So it was with the slave Hagar and the mistress Sarai. The pregnancy raised one up and lowered one down. But in those days there were no therapists and there was no ritual to solve this problem. We do not hear Sarai or Hagar asking for forgiveness. They do not go to Shiloh to pour out their heart to the Lord. Nor to the Temple with a free will offering. Nor even a simple Slichah. Rosh HShannah does not come with its demand to make things right between people and then between God and People.
Ishmael is born. My inner boy thinks that Ishmael got the best blessing in the whole Torah. “His hand will be against every man and every man’s hand will be against him.” You can just imagine all that boy energy. First one up in the morning, last one to bed. No naps, never. Mom and Adoptive Mom would both be exhausted.
Meanwhile the barren, elder Sarah, gets kidnapped again. God, Lord of Wombs, shuts up all the wombs in Avimelech’s kingdom (or others suggest spreads male impotence.) Avimelech restores Sarah and he apologizes and does all he can to make the world right again. Abraham forgives him; we know this because he intercedes with the Lord for him. And so Avimelech is our model for Rosh H’Shannah. Sure he sins; Lo Tigonov!; sure he gets a little rough love from the Justice Throne Room, but he faces up to his sin and he makes peace between man and man the best he can. And he does it twice. Once for Sarah and once for the Well. And over the well, Abraham too makes peace between man and man. The Holy one Blessed be She was pleased to hear this story over tea on the throne of mercy.

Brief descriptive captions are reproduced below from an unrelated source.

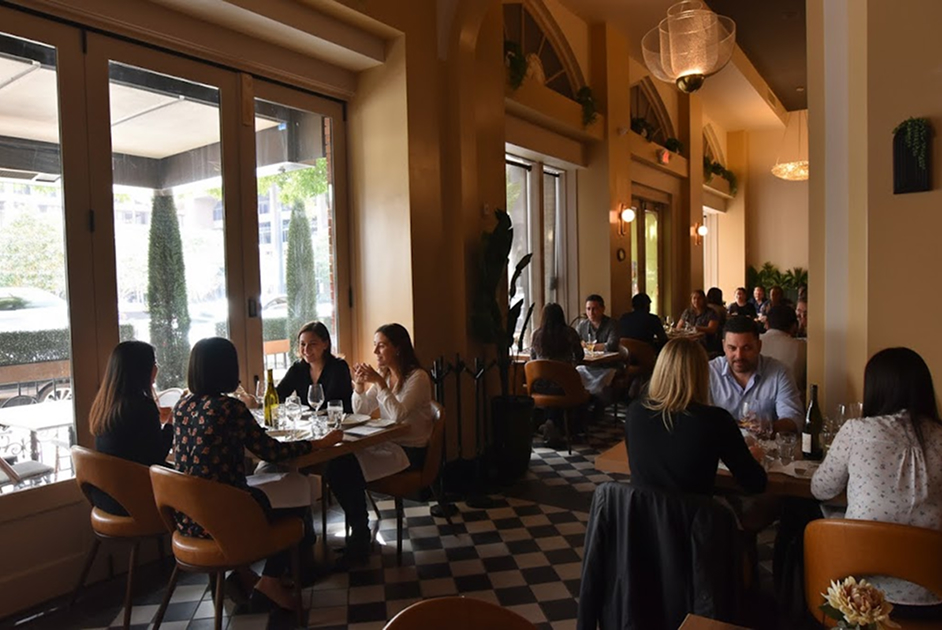 a group of people sitting at tables in a restaurant
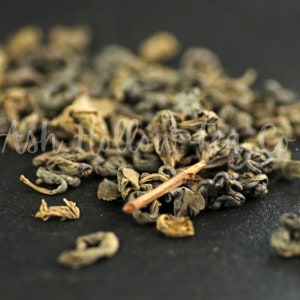 May include: Close-up of loose leaf green tea with a brown twig. The tea leaves are dark green and brown, and some are curled into small balls.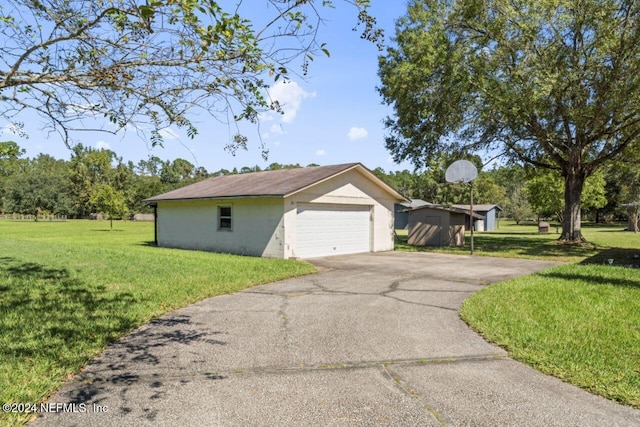 view of home's exterior featuring a yard and a garage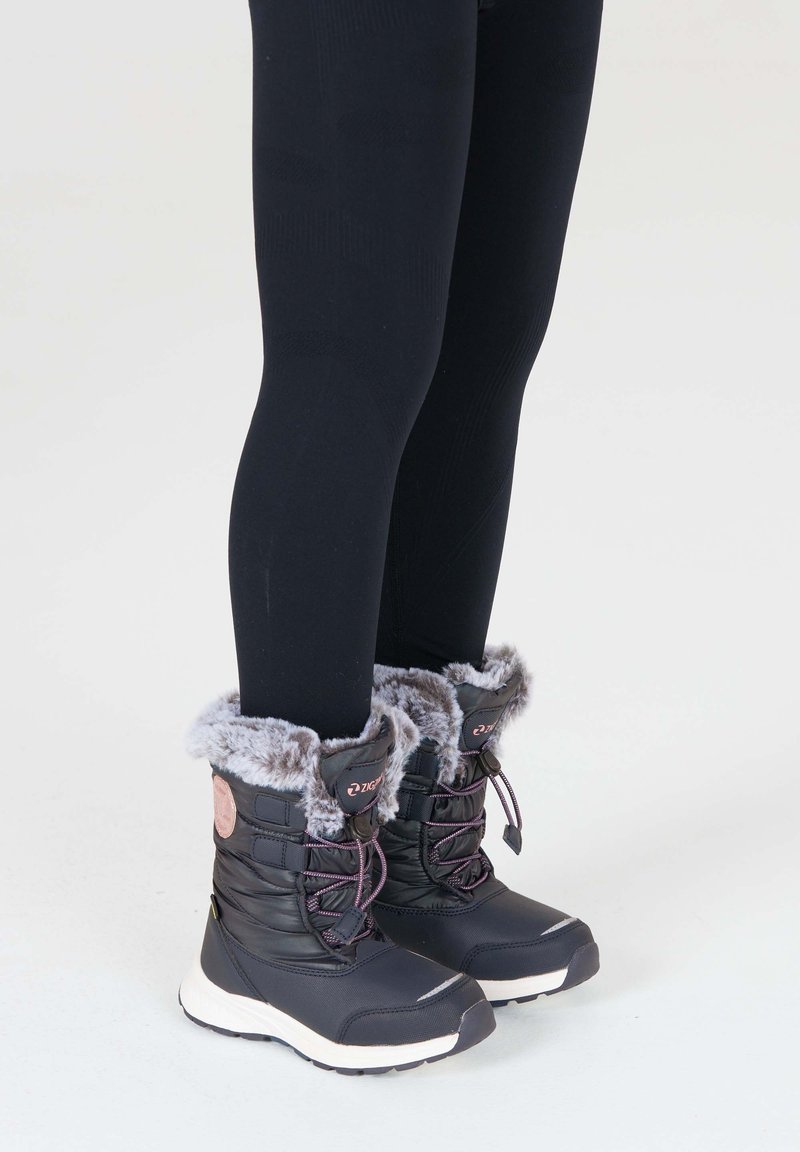 Sorte vandtætte vinterstøvler med kunstpelskant, snørebåndsdesign og kontrastfarvede hvide såler. Parret med sorte leggings.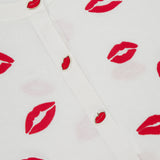 The Daroda Lip Cardigan Sweater by ALICE + OLIVIA is a cropped white knit with embroidered lips prints and red lips-shaped buttons on the front.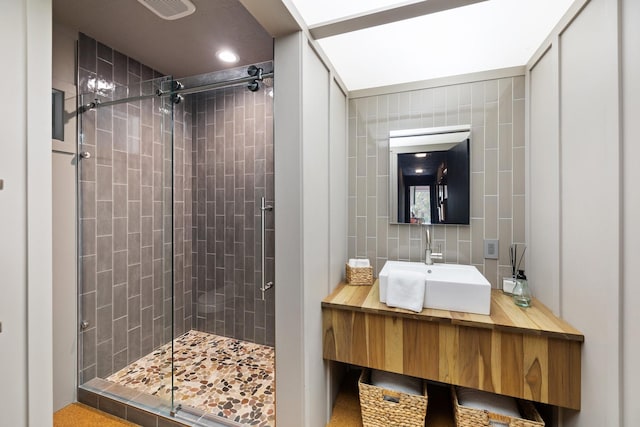 827 Magnolia St, Livingston, TX 77351 - bathroom featuring a stall shower, vanity, tile walls, tasteful backsplash, and recessed lighting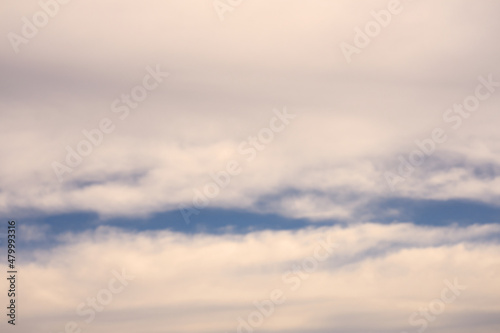 Fototapeta Naklejka Na Ścianę i Meble -  A blue sky among the clouds as a blurred background.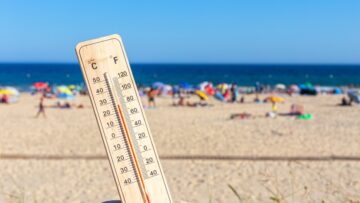 Thermometer for the temperature on the beach, in the summer in the heat. Global warming.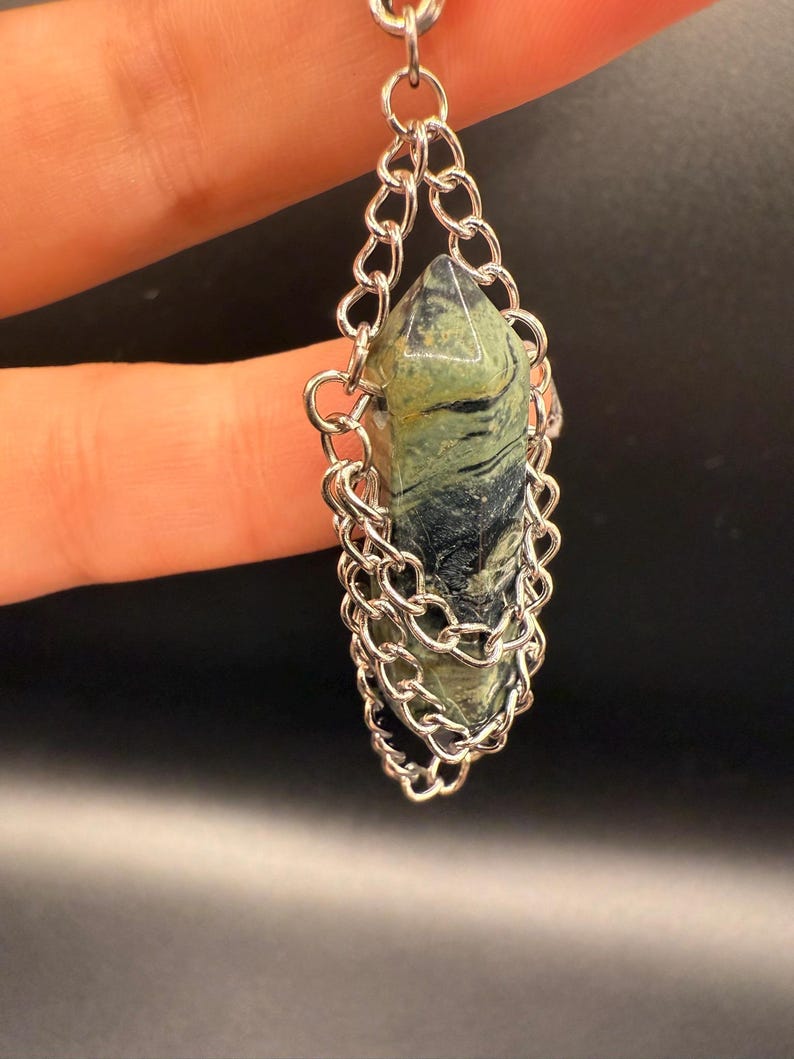 May include: A pendant featuring a green and black stone encased in a silver chain. The stone is a pointed, elongated shape. The chain is a delicate, linked design, creating a cage around the stone. The background is a dark, solid color.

Well the wild ass of a man grows up. Imagine. You adopt a cute little baby, suffer through your slave girl being elevated to wife in your husband’s eyes. And the baby doesn’t turn into the hoped for quiet man who lives in tents. No, he is a wild ass of a man. Parent teacher conferences by the dozens. A thousand trips to the bow store for strings, rosin, arrows and none to the book store. Making good on the sheep accidentally injured. The bull he rode through your neighbor’s tent. And as he reaches his majority at age 13, he is clearly not the heir that HaShem promised your husband.

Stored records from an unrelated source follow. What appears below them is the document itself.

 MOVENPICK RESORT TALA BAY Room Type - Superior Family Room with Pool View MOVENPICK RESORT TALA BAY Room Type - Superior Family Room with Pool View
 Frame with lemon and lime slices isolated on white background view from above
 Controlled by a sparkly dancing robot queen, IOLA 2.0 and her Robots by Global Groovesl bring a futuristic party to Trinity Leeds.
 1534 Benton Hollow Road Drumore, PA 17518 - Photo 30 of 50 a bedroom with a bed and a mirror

Then, another pregnancy. God Remembered Sarah. What did Sarah do to be remembered? The text is silent. Abram and Sarai started as the smashers of idols. They were the servants of the Throne of Justice and the King of Kings, even if they talked back a little. On the day they served food to their first strangers, that was the day that they served the throne of mercy. Babies are dealt out from the throne of mercy. In that room there are no scales, just acts of hesed.
“All happy families resemble one another; every unhappy family is unhappy after its own fashion.” But on Yom Hazikaron we all have the same sins. We lie we cheat we steal we are zealots for bad causes. It is the deeds of loving kindness that are all different. This one builds a parapet on his house and that one takes the eggs but leaves the mother bird. This one says you are now a Swede, take your passport and go. That one smiles as he puts the latte in front of you. And that smile has the power to make you say, Stay and I’ll explain, rather than “It is late in the Term to ask that question Fella.”
This one serves the homeless, the widow, the orphan and the stranger who dwells among us.
There is only one alphabet of sin, there are many of hesed. For we can do deeds of kindness for both the living and the dead. We accept, we give birth, we care. We donate, we empathize, we…we better skip if in polite company. We give, we help, we don’t say I. We joke, we sing karaoke, we laugh. Yes we laugh with Sarah until this very day. We mend, nosh, and we offer. We pray, we are quiet, a kindness to others. We relate, we sing, we touch. We unite, we veil the bride. We are we, not I. and we play xylophones to the yak and zebra, with love.
While the torah begins with God’s deeds of lovingkindness, the clothing of Adam and Eve, it is Sarah and Abraham who we revere for human’s deeds of lovingkindness. They remember the stranger and Abraham buries the dead in the Cave by the Terebrinths of Mamre. Isaac and Ismael share the honors of burying their father in the Cave. The Holy one doesn’t get to bury any dead till the last verses of the Torah.
So it is after the first deed of lovingkindness that Sarah conceives and laughter comes to the world.
Hormones surge. Tables turn. Now Sarah is telling Abraham to get that kid and his mother out of my house. That is when the red telephone rang and HaShem moved over to that other throne room.
The text doesn’t record it but the Holy one talked herself blue in the face. She put Eve on the phone to explain about loving all one’s boys, not always an easy task-Cain and Abel were hers. Even though Sarah and Eve were to be suitemates for Eternity in Machpelah, it was to no effect. Finally HaShem gave in to one of his own principles: if the problem was made between people, then it had to be solved between people. Abraham and Sarah made this problem. Abraham by listening to his wife Sarah and now HaShem’s parting advice was that he had to solve this problem by listening to his wife Sarah. Oh, the blow of sending Ishmael away was softened by Abraham knowing what we can never know — that our children will be ok forever and ever.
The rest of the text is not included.